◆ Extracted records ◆
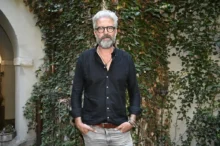 Man with gray hair and beard in a black button-down shirt, standing outdoors in front of an ivy-covered wall.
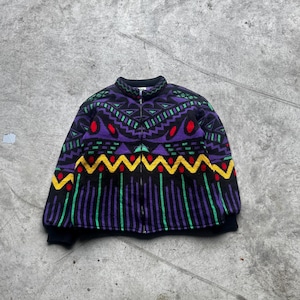 Op de afbeelding: Een vintage jas met ritssluiting en een levendig geometrisch patroon. De jas heeft een zwarte basis met paarse, groene, gele en rode accenten. De kraag en manchetten zijn effen zwart.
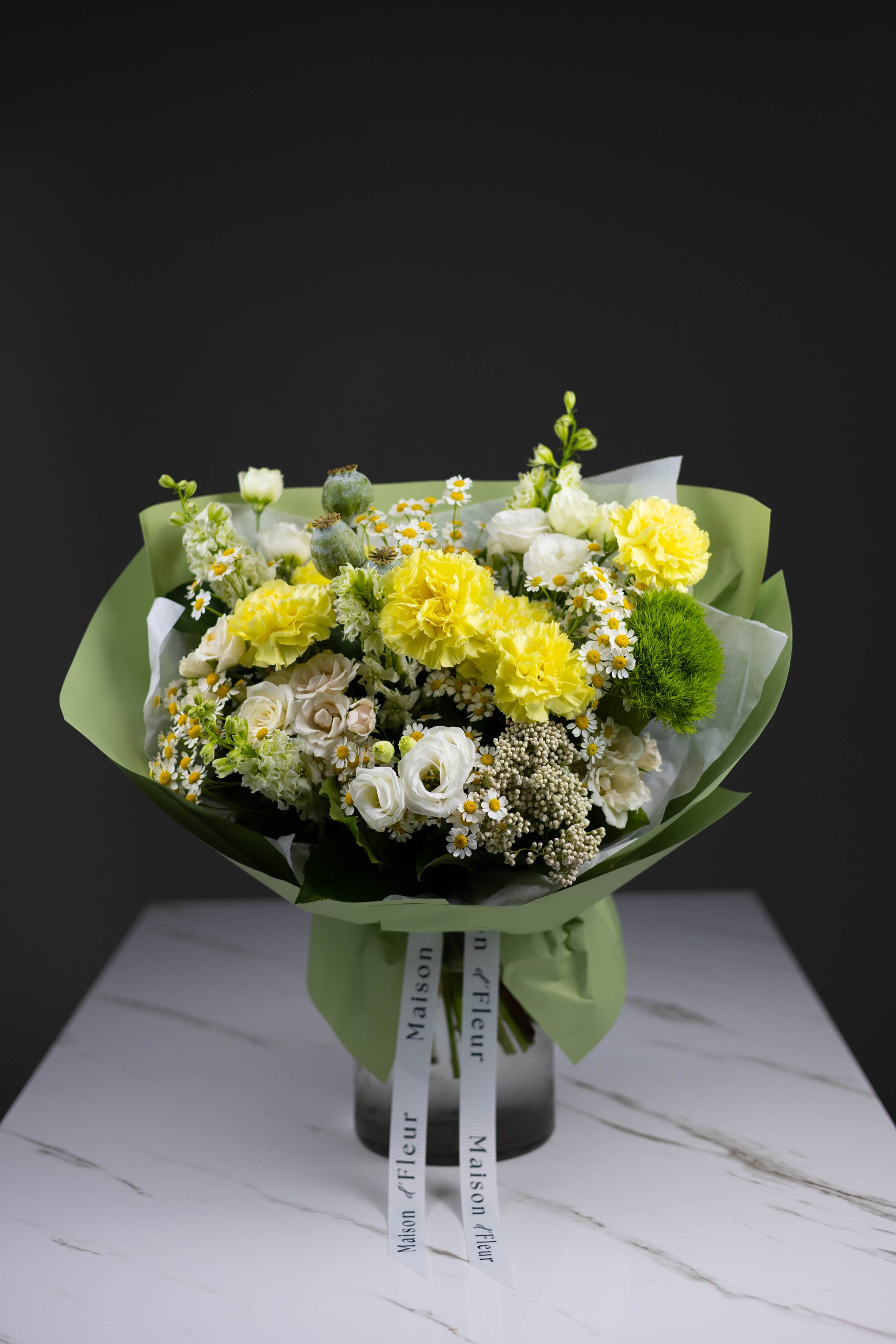 Bright yellow carnations contrast with delicate white lisianthus and playful chamomile flowers in a tightly arranged bouquet — fresh, joyful, and rustic-chic in style.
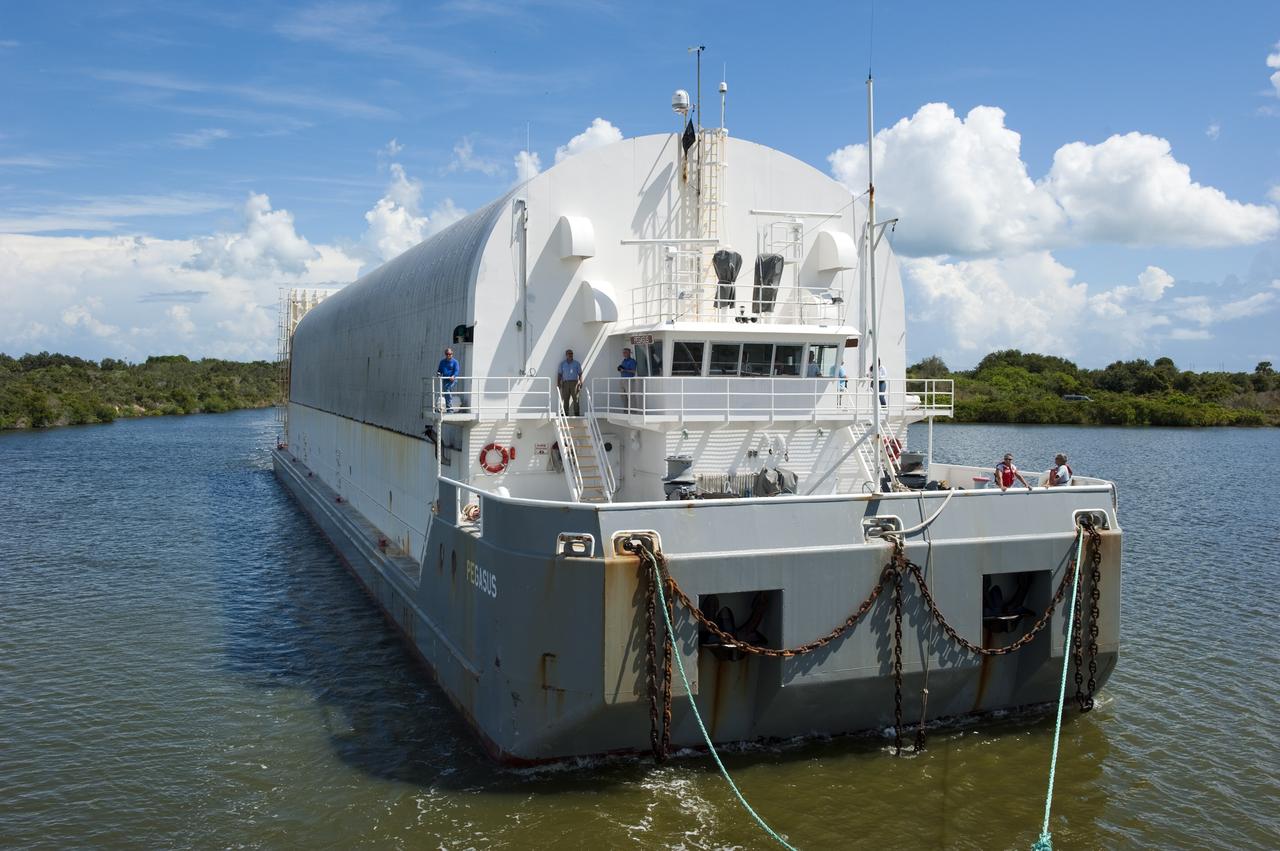 CAPE CANAVERAL, Fla. -- NASA's Pegasus barge is pulled toward NASA's Kennedy Space Center in Florida by a tug boat. The barge is carrying the Space Shuttle Program's last external fuel tank, ET-122 and traveled 900 miles by sea from NASA's Michoud Assembly Facility in New Orleans. After reaching the Turn Basin at Kennedy, the tank will be offloaded and moved to the Vehicle Assembly Building where it eventually will be attached to space shuttle Endeavour for the STS-134 mission to the International Space Station. STS-134, targeted to launch in Feb. 2011, currently is scheduled to be the last mission in the Space Shuttle Program. The tank, which is the largest element of the space shuttle stack, was damaged during Hurricane Katrina in August 2005 and restored to flight configuration by Lockheed Martin Space Systems Company employees. Photo credit: NASA/Kim Shiflett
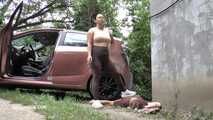 Mistress Jenna stands on the slave with a car while smoking in the slave's mouth B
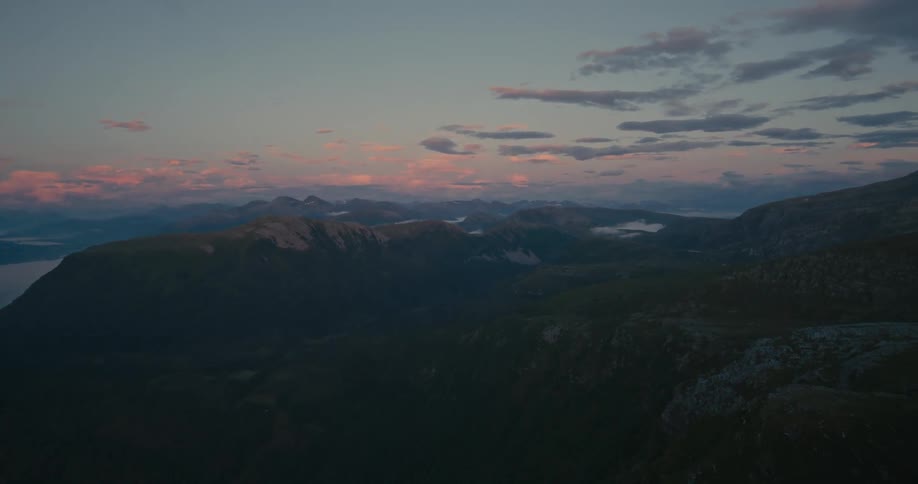 Aerial view of mountains by the sea on a summer evening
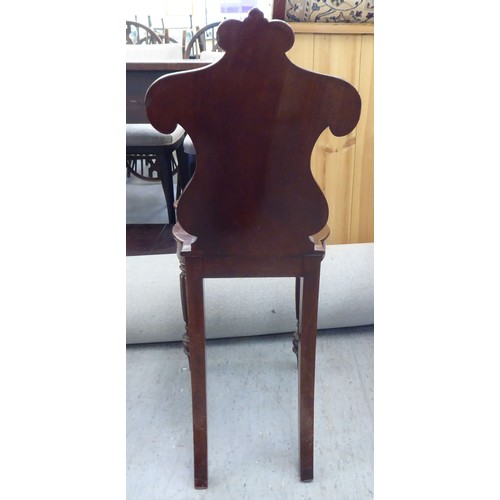 223 - Two Edwardian mahogany framed salon chairs with splat backs, raised on cabriole legs; and a mid Vict... 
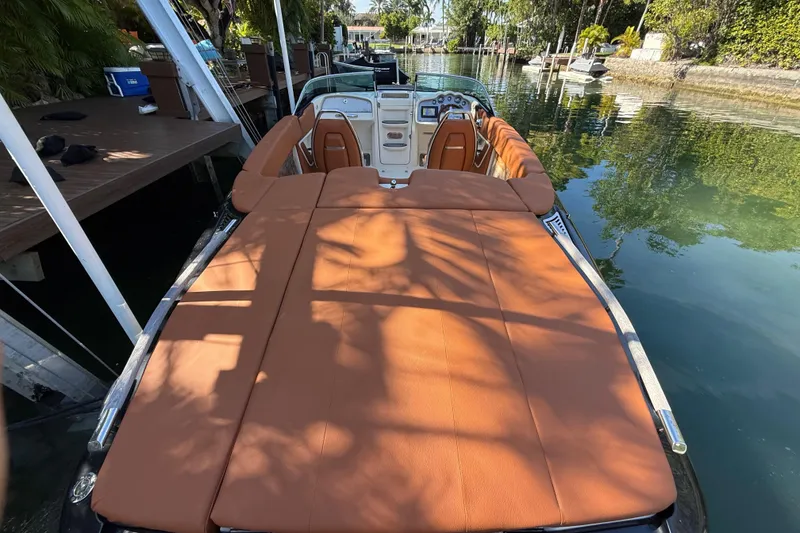 Slide: The Image of 2018 Chris-Craft Capri 27 boat with tan upholstery docked on a serene canal. - 11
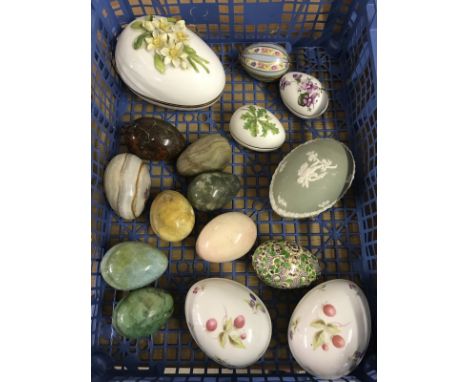 A box of assorted ceramic and natural stone eggs and egg shaped trinket boxes. To include Coalport, Limoges and Wedgwood. 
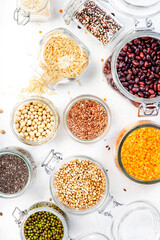 Plastic free storage and cooking concept. Various organic superfoods, beans, grains, cereals, legumes, seeds in reusable cans and jars. White table. Zero waste and sustanable lifestyle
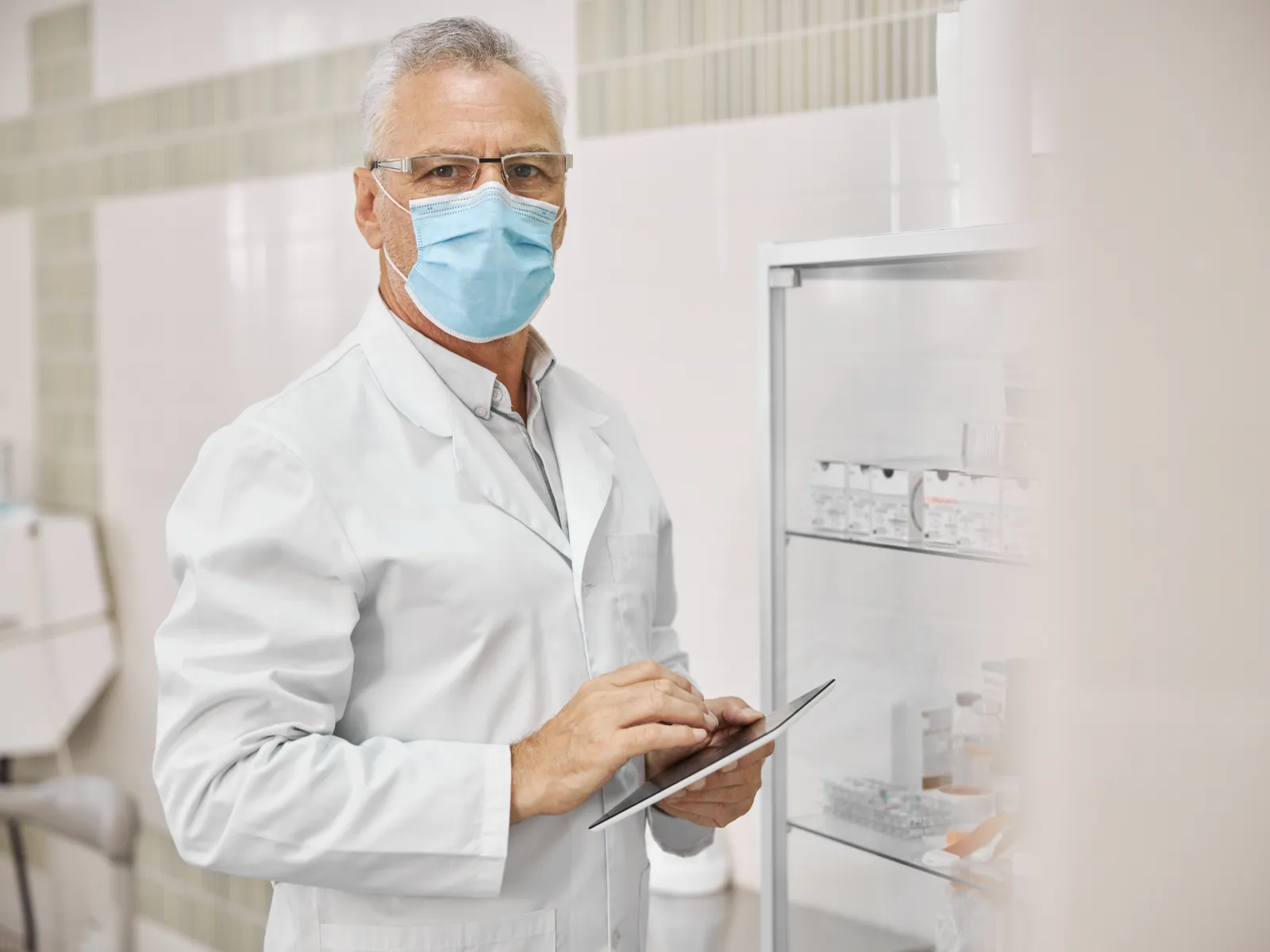 Senior male doctor in lab coat and face mask using tablet in medical clinic or hospital setting.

◆ What the task requires ◆
Your task is to transcribe, exactly and without additions, every line from the one that contains "A box of assorted" to the end of the entries above, both included. Omit all pictures.

◆ Output ◆
 A box of assorted ceramic and natural stone eggs and egg shaped trinket boxes. To include Coalport, Limoges and Wedgwood. 
 Plastic free storage and cooking concept. Various organic superfoods, beans, grains, cereals, legumes, seeds in reusable cans and jars. White table. Zero waste and sustanable lifestyle
 Senior male doctor in lab coat and face mask using tablet in medical clinic or hospital setting.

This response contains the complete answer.